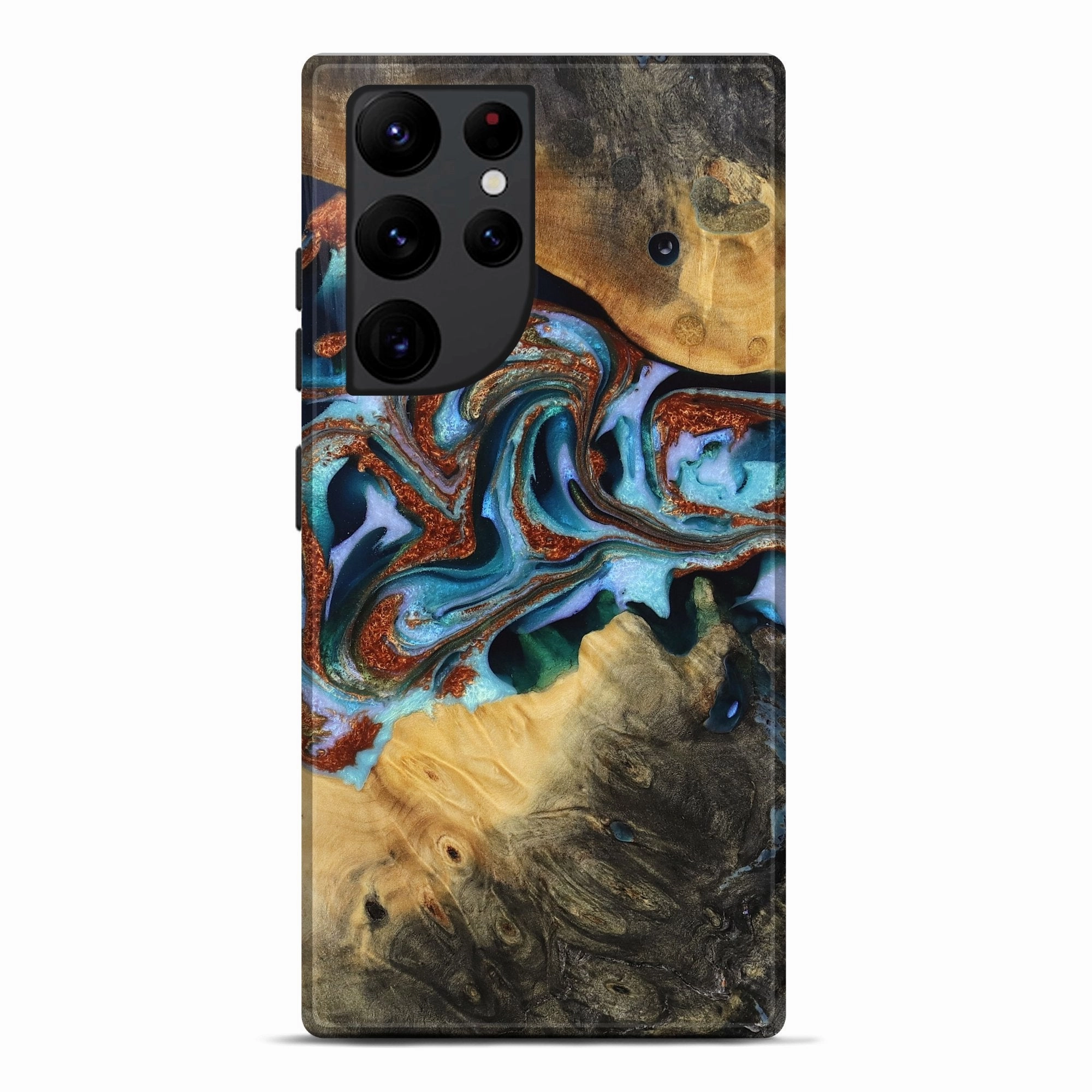 Galaxy S22 Ultra Wood Live Edge Phone Case - Debora (Teal & Gold, 771949) Shatterproof Glass Soft Edge
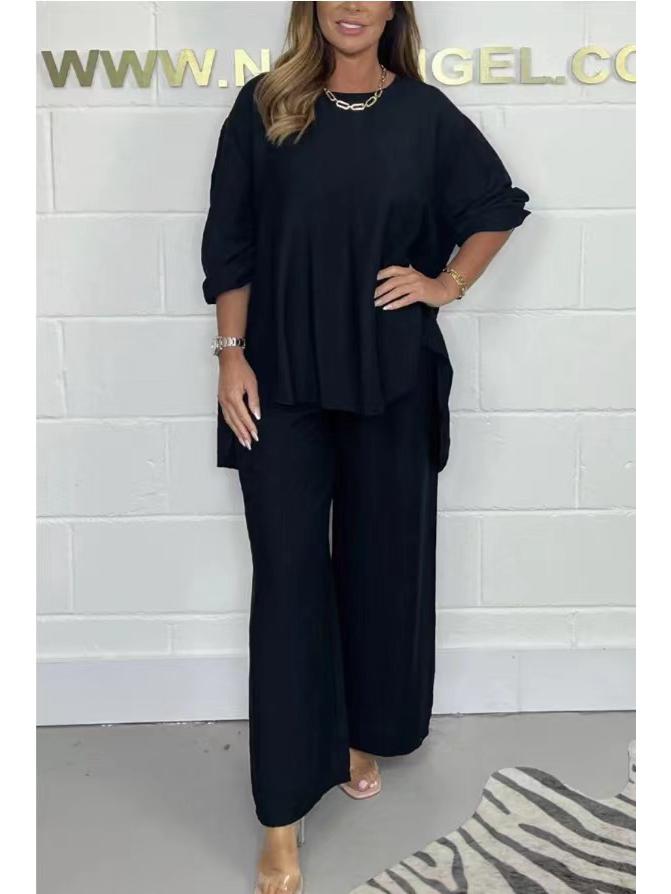 Pantalones Anchos de Satén de Acetato 2024 con Chaqueta Cola de Golondrina – Moda Casual de Color Sólido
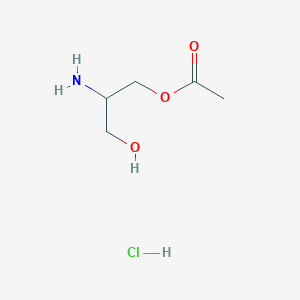 molecular formula C5H12ClNO3 B1382770 2-Amino-3-hydroxypropyl acetate hydrochloride CAS No. 1379321-13-7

§ PROBLEM TO WORK ON: Give again, exactly, each line from the one that contains "Pantalones Anchos de" through the last line of the material above. Pictures do not belong in the copy.

§ RESULT OF THIS EXERCISE:
 Pantalones Anchos de Satén de Acetato 2024 con Chaqueta Cola de Golondrina – Moda Casual de Color Sólido
 molecular formula C5H12ClNO3 B1382770 2-Amino-3-hydroxypropyl acetate hydrochloride CAS No. 1379321-13-7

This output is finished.